Les principes inculqués par le livre des Proverbes (livre inspiré par Dieu et encore utile au chrétien, 2T m 3.16s) gardent certes leur valeur en tant que … règles générales ; mais sous la Nouvelle Alliance, Dieu ne promet nulle part de récompenser systématiquement l’obéissance par la santé et la prospérité. Au contraire, le Nouveau testament nous apprend que certains croyants peu consacrés sont riches (Ap 3.17) tandis que d’autres croyants, exemplaires, connaissent une extrême pauvreté (Ap 2.9 ; 2 Co 8.2). Jésus lui-même possédait peu de biens terrestres (Lc 9.58), et les apôtres apparaissaient parfois comme n’ayant rien (2 Co 6.10).

 

 

Des avertissements significatifs

 

La Bible comporte de nombreux avertissements à propos des dangers spirituels de la prospérité matérielle. « Parmi les dangers de la richesse que signale déjà l’AT, mentionnons : l’orgueil (Pr 28 11) la vantardise (Jr 9.22), la confiance mise dans les biens matériels au lieu d’être placée en l’Eternel (Ps 52.9), l’ingratitude envers Dieu (Dt 8.17-18 ; Os 2.8)… Dans le NT de nombreux avertissements concernent le danger que représentent l’argent ou les biens.

 

Dans le sermon sur la montagne, Jésus… met en garde contre l’avarice et l’inquiétude et dit que l’argent, érigé en idole (Mammon) détourne les affections, obscurcit la vue, dresse une barrière au service de Dieu et provoque la présomption… Il avertit ses disciples qu’il est difficile à ceux qui ont des richesses d’entrer dans le Royaume de Dieu (Marc 10.23, 27).
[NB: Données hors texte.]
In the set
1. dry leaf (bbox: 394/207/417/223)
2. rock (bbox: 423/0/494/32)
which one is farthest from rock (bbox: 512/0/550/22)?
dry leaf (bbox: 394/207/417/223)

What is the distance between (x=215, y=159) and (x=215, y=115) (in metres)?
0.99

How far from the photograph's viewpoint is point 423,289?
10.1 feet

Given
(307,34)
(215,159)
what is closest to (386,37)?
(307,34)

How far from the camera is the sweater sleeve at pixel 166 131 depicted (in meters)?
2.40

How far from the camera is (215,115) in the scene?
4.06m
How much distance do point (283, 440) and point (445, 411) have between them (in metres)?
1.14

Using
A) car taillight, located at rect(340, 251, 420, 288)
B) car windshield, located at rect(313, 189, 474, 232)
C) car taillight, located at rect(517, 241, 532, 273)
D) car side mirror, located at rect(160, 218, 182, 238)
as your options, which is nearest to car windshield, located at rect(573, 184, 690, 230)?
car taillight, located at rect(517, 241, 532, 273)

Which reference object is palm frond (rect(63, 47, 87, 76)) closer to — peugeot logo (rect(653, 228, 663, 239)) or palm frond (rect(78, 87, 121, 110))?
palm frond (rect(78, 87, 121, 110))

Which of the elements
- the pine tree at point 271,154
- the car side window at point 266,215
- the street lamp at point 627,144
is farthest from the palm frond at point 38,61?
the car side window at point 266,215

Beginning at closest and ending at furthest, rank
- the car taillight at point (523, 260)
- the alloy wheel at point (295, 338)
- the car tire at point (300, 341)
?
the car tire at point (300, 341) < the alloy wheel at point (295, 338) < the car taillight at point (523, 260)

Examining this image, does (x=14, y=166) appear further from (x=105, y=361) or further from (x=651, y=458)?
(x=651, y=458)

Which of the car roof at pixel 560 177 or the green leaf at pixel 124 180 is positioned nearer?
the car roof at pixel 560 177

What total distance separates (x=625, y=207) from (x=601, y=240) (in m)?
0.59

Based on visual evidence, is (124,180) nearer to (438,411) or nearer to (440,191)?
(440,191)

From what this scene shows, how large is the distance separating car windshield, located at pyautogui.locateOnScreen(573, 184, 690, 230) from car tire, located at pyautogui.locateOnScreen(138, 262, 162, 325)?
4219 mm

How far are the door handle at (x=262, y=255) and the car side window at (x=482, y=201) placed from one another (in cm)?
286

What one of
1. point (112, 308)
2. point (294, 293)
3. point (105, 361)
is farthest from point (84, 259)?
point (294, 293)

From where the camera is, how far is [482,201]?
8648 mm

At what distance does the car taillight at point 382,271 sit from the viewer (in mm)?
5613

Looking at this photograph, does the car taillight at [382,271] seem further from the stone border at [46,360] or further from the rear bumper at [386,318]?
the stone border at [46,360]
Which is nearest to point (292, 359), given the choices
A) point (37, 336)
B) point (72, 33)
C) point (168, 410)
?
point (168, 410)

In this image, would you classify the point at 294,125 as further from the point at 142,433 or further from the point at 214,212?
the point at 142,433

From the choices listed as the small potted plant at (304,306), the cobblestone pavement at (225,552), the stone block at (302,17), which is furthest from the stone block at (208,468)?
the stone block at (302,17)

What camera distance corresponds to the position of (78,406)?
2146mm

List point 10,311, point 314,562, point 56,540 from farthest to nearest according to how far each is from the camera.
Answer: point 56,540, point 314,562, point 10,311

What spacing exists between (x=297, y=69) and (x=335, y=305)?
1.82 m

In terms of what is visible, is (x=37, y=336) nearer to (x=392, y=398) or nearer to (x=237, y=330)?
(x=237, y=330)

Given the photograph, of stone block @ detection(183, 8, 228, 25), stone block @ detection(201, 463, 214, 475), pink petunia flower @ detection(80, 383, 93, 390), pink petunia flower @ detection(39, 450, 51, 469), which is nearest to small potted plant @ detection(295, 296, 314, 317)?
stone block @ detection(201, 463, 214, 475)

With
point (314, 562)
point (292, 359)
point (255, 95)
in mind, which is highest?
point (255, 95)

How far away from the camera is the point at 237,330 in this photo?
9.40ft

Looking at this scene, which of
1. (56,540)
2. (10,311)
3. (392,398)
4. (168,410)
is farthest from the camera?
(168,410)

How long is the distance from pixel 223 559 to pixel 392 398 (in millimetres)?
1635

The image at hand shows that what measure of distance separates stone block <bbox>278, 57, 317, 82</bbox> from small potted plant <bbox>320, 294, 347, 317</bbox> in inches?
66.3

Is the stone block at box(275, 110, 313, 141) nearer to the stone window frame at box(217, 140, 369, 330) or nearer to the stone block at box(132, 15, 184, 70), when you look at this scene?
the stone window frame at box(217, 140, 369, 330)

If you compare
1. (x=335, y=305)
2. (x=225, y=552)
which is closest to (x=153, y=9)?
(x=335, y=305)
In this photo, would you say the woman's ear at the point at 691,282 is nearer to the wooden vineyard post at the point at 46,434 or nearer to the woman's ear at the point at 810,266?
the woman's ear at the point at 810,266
Le cœur s’attache aux biens matériels au lieu de chercher à être « riche en Dieu » (Lc 12.21 ; cf. Ap 3.17). Dans la parabole du semeur, l’attrait des richesses étouffe la Parole (Mt 13.22)… L’amour de l’argent, dit Paul, est la source de tous les maux [- ou une source de toutes sortes de maux] (1 Tm 6.10). » [Nouveau Dictionnaire Biblique, Editions Emmaüs, sous « Richesse »]

 

 

Le mot de la fin

 

Cette dernière affirmation figure dans un passage (1 Tm 6.6-11) qui souligne le danger spirituel que représente, de nos jours, le soi-disant Evangile de la prospérité : « C’est, en effet, une grande source de gain que la piété avec le contentement ; car nous n’avons rien apporté dans le monde et il est évident que nous n ‘en pouvons rien emporter ; si donc nous avons la nourriture et le vêtement, cela nous suffira.

 

Mais ceux qui veulent s’enrichir tombent dans la tentation, dans le piège, et dans beaucoup de désirs insensés et pernicieux qui plongent les hommes dans la ruine et la perdition. Car l’amour de l’argent est une racine de tous les maux ; et quelques-uns, en étant possédés, se sont égarés loin de la foi, et se sont jetés eux-mêmes dans bien des tourments. Pour toi, homme de Dieu, fuis ces choses, et recherche la justice, la piété, la foi, l’amour, la patience, la douceur. »

 

P.C.


NOTES

 

1. Article « Bénédiction », Grand Dictionnaire de la Bible, Editions Excelsis.